▶ [Brief]
Look through the entries. Copy each line that has the word "pièces".
──────── Data ────────
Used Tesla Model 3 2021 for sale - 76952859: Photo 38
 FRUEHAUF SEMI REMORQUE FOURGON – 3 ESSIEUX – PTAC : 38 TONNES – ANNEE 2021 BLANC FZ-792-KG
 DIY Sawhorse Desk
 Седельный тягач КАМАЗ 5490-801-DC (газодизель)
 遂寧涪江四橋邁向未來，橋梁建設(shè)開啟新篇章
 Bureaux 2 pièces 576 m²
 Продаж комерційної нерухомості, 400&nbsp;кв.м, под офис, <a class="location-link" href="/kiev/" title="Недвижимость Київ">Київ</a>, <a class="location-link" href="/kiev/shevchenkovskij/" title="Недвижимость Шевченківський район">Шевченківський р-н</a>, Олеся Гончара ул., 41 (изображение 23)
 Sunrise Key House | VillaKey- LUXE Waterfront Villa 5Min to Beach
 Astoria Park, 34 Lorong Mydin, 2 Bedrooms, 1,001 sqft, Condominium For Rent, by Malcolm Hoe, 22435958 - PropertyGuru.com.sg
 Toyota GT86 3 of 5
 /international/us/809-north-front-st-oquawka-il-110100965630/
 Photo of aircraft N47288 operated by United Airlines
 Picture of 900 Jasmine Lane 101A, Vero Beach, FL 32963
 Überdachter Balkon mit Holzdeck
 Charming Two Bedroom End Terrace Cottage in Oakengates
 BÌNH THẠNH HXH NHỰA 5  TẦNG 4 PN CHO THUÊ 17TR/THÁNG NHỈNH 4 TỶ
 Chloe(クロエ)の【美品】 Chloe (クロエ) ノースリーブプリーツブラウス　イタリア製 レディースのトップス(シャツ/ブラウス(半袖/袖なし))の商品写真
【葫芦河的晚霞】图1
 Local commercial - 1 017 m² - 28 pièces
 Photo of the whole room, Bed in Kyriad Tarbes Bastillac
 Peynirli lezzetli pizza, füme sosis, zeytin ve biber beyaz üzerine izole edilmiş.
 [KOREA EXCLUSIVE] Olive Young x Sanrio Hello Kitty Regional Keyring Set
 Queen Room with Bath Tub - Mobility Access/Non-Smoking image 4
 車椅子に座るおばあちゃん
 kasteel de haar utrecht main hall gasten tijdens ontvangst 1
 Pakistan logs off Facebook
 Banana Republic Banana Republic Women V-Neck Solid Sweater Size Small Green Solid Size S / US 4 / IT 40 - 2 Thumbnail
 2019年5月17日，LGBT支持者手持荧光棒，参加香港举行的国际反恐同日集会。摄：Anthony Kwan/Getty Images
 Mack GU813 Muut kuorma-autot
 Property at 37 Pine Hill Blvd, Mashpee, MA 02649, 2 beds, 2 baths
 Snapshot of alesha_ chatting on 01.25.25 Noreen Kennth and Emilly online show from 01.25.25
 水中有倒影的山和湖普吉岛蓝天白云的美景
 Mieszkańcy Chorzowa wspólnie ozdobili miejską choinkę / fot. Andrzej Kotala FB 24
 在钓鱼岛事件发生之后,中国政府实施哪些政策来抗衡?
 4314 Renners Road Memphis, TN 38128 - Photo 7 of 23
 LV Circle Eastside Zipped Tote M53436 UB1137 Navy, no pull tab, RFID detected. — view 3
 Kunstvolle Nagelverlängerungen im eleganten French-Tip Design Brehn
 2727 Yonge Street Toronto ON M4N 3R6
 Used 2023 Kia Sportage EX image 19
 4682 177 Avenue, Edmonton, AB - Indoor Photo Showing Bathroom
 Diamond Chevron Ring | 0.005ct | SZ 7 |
────────
▶ [Answer]
 Bureaux 2 pièces 576 m²
 Local commercial - 1 017 m² - 28 pièces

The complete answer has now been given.